The grant date present value shown is an estimate only, arrived at using the Black-Scholes option pricing model, with the following weighted average assumptions as of the grant date: risk-free interest rate of 3.75%, expected life of option of five years, expected dividend yield of 0% and expected stock volatility of 185%.

(2)

During June 2004, Mr. Hirsch exercised 1,750,000 stock options at an aggregate exercise price of $35,000. During April 2005, we agreed to rescind this stock option exercise and to reinstate the original 1,750,000 options at the exercise price and with the expiration date of the options under the original grant. We issued Mr. Hirsch a convertible promissory note, dated as of the date of the rescinded option exercise, for the $35,000 received by us as the exercise price but which was not refunded to Mr. Hirsch upon cancellation of the underlying stock. (See “Certain Relationships and Related Transactions” for details).

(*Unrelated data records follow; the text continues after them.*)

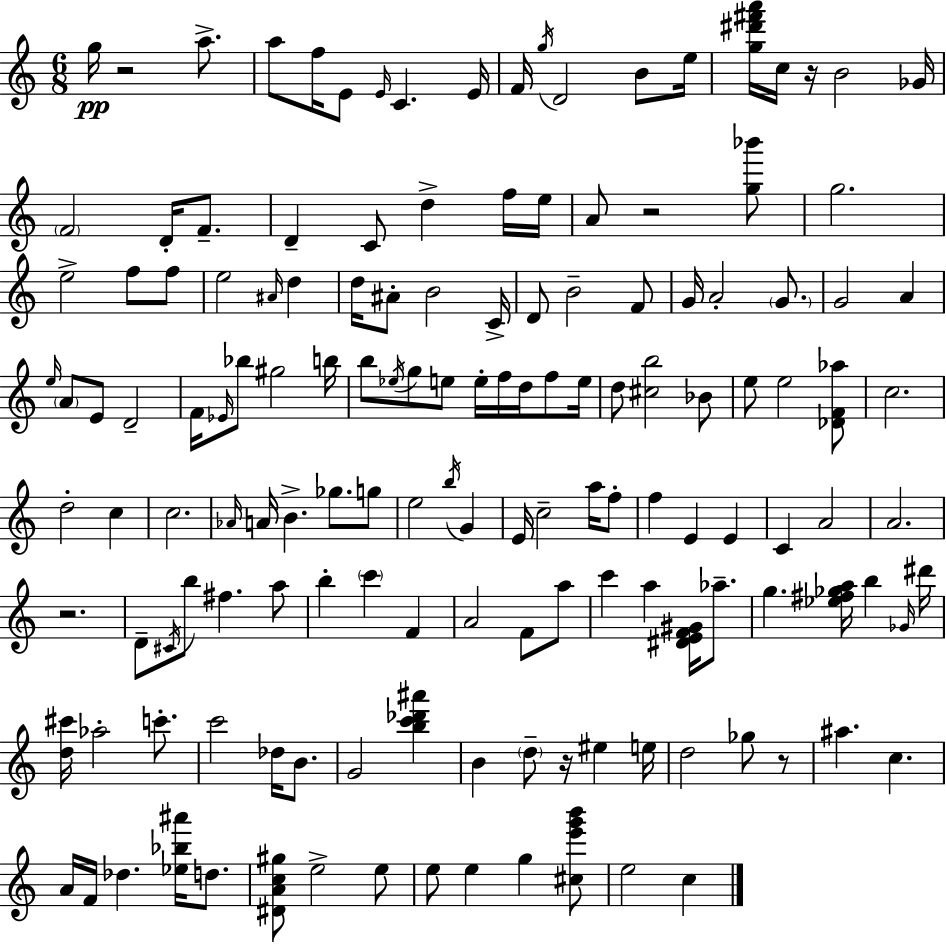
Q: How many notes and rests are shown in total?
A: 148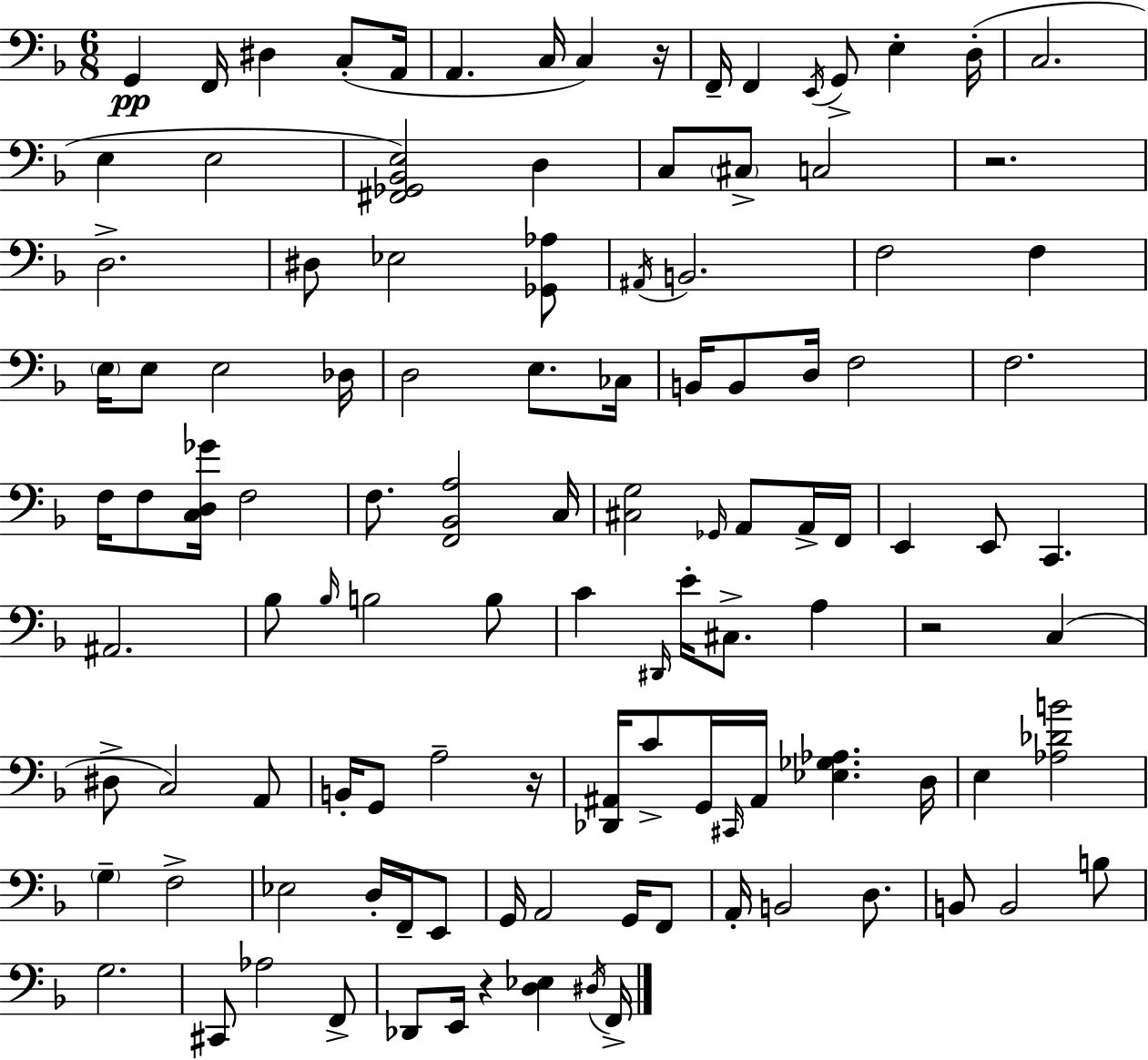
X:1
T:Untitled
M:6/8
L:1/4
K:Dm
G,, F,,/4 ^D, C,/2 A,,/4 A,, C,/4 C, z/4 F,,/4 F,, E,,/4 G,,/2 E, D,/4 C,2 E, E,2 [^F,,_G,,_B,,E,]2 D, C,/2 ^C,/2 C,2 z2 D,2 ^D,/2 _E,2 [_G,,_A,]/2 ^A,,/4 B,,2 F,2 F, E,/4 E,/2 E,2 _D,/4 D,2 E,/2 _C,/4 B,,/4 B,,/2 D,/4 F,2 F,2 F,/4 F,/2 [C,D,_G]/4 F,2 F,/2 [F,,_B,,A,]2 C,/4 [^C,G,]2 _G,,/4 A,,/2 A,,/4 F,,/4 E,, E,,/2 C,, ^A,,2 _B,/2 _B,/4 B,2 B,/2 C ^D,,/4 E/4 ^C,/2 A, z2 C, ^D,/2 C,2 A,,/2 B,,/4 G,,/2 A,2 z/4 [_D,,^A,,]/4 C/2 G,,/4 ^C,,/4 ^A,,/4 [_E,_G,_A,] D,/4 E, [_A,_DB]2 G, F,2 _E,2 D,/4 F,,/4 E,,/2 G,,/4 A,,2 G,,/4 F,,/2 A,,/4 B,,2 D,/2 B,,/2 B,,2 B,/2 G,2 ^C,,/2 _A,2 F,,/2 _D,,/2 E,,/4 z [D,_E,] ^D,/4 F,,/4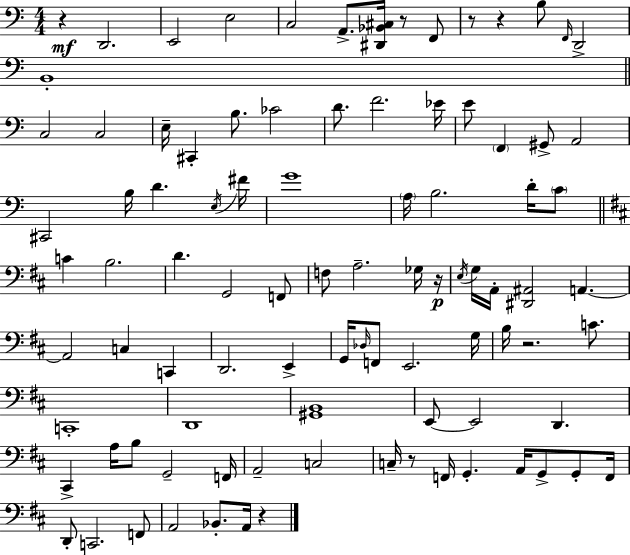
R/q D2/h. E2/h E3/h C3/h A2/e. [D#2,Bb2,C#3]/s R/e F2/e R/e R/q B3/e F2/s D2/h B2/w C3/h C3/h E3/s C#2/q B3/e. CES4/h D4/e. F4/h. Eb4/s E4/e F2/q G#2/e A2/h C#2/h B3/s D4/q. E3/s F#4/s G4/w A3/s B3/h. D4/s C4/e C4/q B3/h. D4/q. G2/h F2/e F3/e A3/h. Gb3/s R/s E3/s G3/s A2/s [D#2,A#2]/h A2/q. A2/h C3/q C2/q D2/h. E2/q G2/s Db3/s F2/e E2/h. G3/s B3/s R/h. C4/e. C2/w D2/w [G#2,B2]/w E2/e E2/h D2/q. C#2/q A3/s B3/e G2/h F2/s A2/h C3/h C3/s R/e F2/s G2/q. A2/s G2/e G2/e F2/s D2/e C2/h. F2/e A2/h Bb2/e. A2/s R/q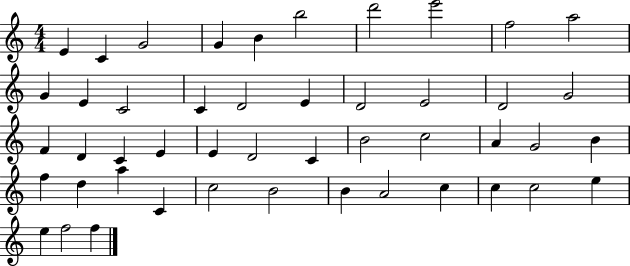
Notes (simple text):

E4/q C4/q G4/h G4/q B4/q B5/h D6/h E6/h F5/h A5/h G4/q E4/q C4/h C4/q D4/h E4/q D4/h E4/h D4/h G4/h F4/q D4/q C4/q E4/q E4/q D4/h C4/q B4/h C5/h A4/q G4/h B4/q F5/q D5/q A5/q C4/q C5/h B4/h B4/q A4/h C5/q C5/q C5/h E5/q E5/q F5/h F5/q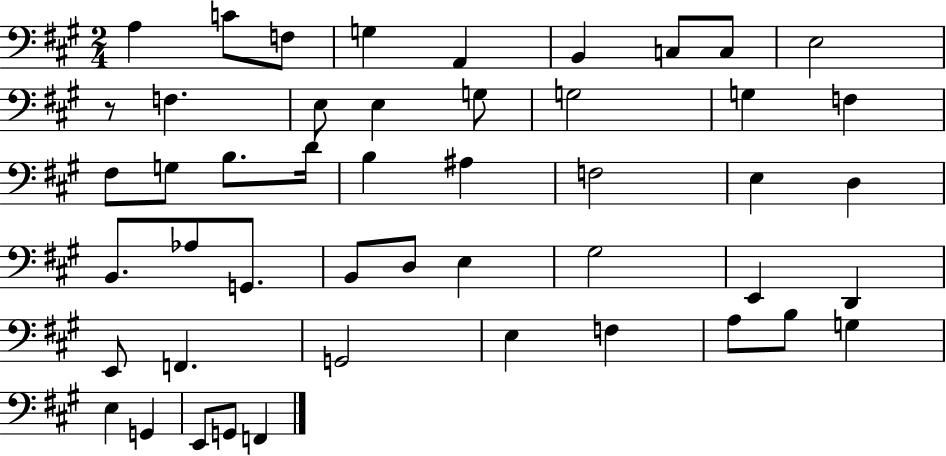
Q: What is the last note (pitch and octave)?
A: F2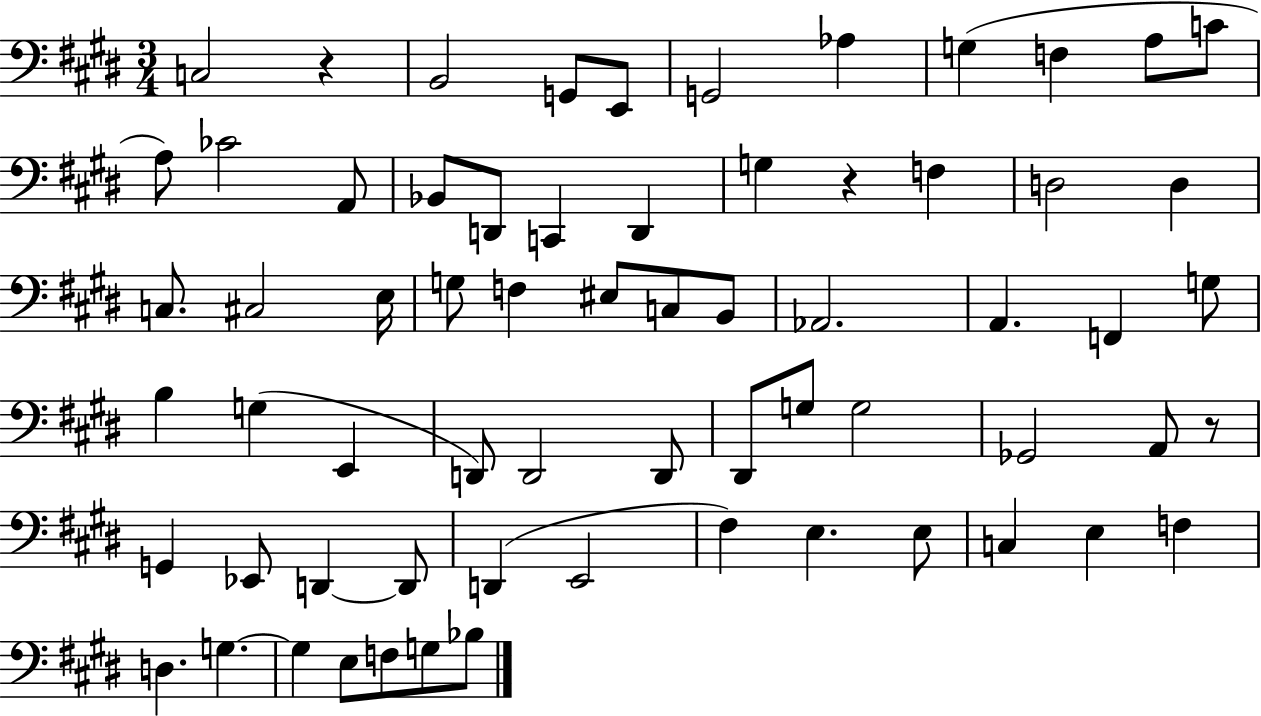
X:1
T:Untitled
M:3/4
L:1/4
K:E
C,2 z B,,2 G,,/2 E,,/2 G,,2 _A, G, F, A,/2 C/2 A,/2 _C2 A,,/2 _B,,/2 D,,/2 C,, D,, G, z F, D,2 D, C,/2 ^C,2 E,/4 G,/2 F, ^E,/2 C,/2 B,,/2 _A,,2 A,, F,, G,/2 B, G, E,, D,,/2 D,,2 D,,/2 ^D,,/2 G,/2 G,2 _G,,2 A,,/2 z/2 G,, _E,,/2 D,, D,,/2 D,, E,,2 ^F, E, E,/2 C, E, F, D, G, G, E,/2 F,/2 G,/2 _B,/2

Option Exercises in Fiscal 2005

          During the year ended December 31, 2005, there were no stock options exercised by directors or named executive officers. In January and February 2006, certain of our directors and executive officers exercised stock options totaling 2,675,000 at an exercise price of $0.02, for gross proceeds of $53,500.

Long Term Incentive Plan Awards

          We currently have no long term incentive plans in place.

Compensation of Non-Executive Directors

          The Board of Directors is currently reviewing a proposed compensation structure for our non-executive directors which will be designed to fairly pay non-executive directors for work required while aligning the interests of the non-executive directors with the long-term interests of stockholders. At this time, it is expected that our non-executive directors will receive a one-time grant of 200,000 stock options, vesting annually over three years, at an exercise price to be determined by the Board of Directors.

          Non-executive directors will also receive a $25,000 annual retainer, with an additional $15,000 to be paid annually to the Chairman of the Audit Committee and to the Lead Director. In addition, $7,500 will be paid annually to the Chairman of each of the Compensation Committee and Nominating and Corporate Governance Committee. It is currently expected that all of these fees will be payable in stock, restricted stock, restricted stock units, or such other equity-based compensation as the Board of Directors determines. The Chairman of the Executive Committee will also receive a monthly retainer of $5,000 and the other members of the Executive Committee will receive a monthly retainer of $1,000. The Executive Committee fees will be payable in cash. The non-executive directors will also receive attendance fees of $1,500 for each board and committee meeting (except for members of the Executive Committee who will not receive additional attendance fees), payable in cash. All cash fees can be deferred at the option of the directors.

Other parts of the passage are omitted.